His laughable “concepts of a plan” answer is a lot more disturbing when placed in the total context of Trump Republicans’ actual plans for healthcare, embodied in Project 2025.
The Trump policy blueprint proposes two major changes that could effectively destroy the ACA: (a) allowing circumvention the ACA’s prohibition on discriminating against patients with pre-existing conditions, and (b) stopping Medicare from being able to negotiate lower drug prices for patients.
The provision on pre-existing conditions is one of the most important in the ACA, forcing insurers to cover everyone, not just healthier patients who are unlikely to need care. Going back to the bad old days would be great for insurers and absolutely heartbreaking for Americans whose lives have been saved and improved by this reform.

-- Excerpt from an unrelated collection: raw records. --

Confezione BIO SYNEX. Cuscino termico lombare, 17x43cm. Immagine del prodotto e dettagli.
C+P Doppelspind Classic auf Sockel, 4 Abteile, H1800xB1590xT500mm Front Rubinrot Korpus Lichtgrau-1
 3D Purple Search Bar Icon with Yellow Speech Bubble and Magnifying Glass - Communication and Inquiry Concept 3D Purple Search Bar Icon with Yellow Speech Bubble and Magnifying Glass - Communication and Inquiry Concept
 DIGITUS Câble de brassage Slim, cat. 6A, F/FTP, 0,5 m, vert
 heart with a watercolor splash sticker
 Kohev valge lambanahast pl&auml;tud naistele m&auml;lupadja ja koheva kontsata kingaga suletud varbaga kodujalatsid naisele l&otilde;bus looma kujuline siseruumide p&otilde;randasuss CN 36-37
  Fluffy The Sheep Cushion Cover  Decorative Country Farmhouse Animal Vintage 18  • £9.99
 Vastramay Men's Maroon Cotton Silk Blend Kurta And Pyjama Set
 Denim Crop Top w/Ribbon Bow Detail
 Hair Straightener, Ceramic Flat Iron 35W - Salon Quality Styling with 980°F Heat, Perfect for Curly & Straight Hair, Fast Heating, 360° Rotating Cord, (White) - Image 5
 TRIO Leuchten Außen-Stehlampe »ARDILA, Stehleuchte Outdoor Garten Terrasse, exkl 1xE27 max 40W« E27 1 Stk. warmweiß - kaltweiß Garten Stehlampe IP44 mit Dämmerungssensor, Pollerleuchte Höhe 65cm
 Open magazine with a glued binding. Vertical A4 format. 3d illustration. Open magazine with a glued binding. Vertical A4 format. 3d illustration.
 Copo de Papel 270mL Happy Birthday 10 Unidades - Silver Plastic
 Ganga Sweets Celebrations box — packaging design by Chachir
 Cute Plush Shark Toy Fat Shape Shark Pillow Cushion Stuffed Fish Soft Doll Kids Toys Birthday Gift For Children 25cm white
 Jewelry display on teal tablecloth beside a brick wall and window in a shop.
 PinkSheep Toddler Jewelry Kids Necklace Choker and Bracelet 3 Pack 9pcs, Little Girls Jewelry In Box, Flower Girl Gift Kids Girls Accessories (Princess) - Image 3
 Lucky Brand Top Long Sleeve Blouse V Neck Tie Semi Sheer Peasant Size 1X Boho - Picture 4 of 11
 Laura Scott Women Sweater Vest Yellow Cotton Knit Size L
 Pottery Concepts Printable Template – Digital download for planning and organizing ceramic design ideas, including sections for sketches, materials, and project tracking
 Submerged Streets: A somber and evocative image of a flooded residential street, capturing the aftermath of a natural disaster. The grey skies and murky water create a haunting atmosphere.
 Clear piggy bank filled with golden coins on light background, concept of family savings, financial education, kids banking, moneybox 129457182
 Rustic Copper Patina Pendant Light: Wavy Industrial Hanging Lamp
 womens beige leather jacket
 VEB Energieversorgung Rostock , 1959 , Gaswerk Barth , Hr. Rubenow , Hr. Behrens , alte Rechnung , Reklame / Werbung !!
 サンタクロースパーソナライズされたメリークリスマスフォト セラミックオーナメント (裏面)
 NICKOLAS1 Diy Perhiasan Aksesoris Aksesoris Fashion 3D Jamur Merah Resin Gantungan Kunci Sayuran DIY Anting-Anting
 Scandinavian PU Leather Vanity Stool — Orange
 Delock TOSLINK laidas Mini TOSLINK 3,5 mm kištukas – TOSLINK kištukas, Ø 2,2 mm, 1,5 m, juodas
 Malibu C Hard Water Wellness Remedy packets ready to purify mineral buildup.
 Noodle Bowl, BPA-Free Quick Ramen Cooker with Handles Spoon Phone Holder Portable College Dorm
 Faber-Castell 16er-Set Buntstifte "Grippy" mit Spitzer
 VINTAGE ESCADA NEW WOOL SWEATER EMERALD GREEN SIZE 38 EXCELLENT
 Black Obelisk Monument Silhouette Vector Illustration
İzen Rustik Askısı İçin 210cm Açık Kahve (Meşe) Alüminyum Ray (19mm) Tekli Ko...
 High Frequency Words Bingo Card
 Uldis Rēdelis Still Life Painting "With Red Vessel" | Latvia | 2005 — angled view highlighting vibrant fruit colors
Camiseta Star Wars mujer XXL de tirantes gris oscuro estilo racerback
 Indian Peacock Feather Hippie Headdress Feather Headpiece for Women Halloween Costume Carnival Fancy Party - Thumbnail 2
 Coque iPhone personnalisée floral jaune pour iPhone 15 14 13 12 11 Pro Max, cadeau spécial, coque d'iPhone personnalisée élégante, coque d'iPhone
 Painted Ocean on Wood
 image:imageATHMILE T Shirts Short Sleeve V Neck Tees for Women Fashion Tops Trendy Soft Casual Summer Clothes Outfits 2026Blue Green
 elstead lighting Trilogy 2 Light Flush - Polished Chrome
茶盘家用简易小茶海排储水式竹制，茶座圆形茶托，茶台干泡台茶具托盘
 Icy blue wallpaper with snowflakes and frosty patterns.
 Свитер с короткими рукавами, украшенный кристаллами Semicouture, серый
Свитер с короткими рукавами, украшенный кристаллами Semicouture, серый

More recently, the Biden-Harris administration’s efforts to use Medicare’s market power to negotiate lower drug prices — not just for Medicare recipients but for all Americans — has been a landmark set of achievements, bringing insulin costs and inhaler costs down to $35/month, to cite just the most well-known examples. And according to Project 2025, Donald Trump would reverse that, reinstating the former longstanding prohibition that forbade Medicare from engaging in such negotiations.
This would then have a terrible domino effect. The success of the ACA — and the longterm health of Medicare and Medicaid — is greatly benefited by reductions in healthcare costs. Conversely, exacerbated increases in healthcare costs undermines the entire system.
Donald Trump indeed has no plan. But his “concepts of a plan” would mean drastically higher healthcare costs for individual patients — and an attack on the entire American healthcare system, hurting patients and benefiting the largest industry giants.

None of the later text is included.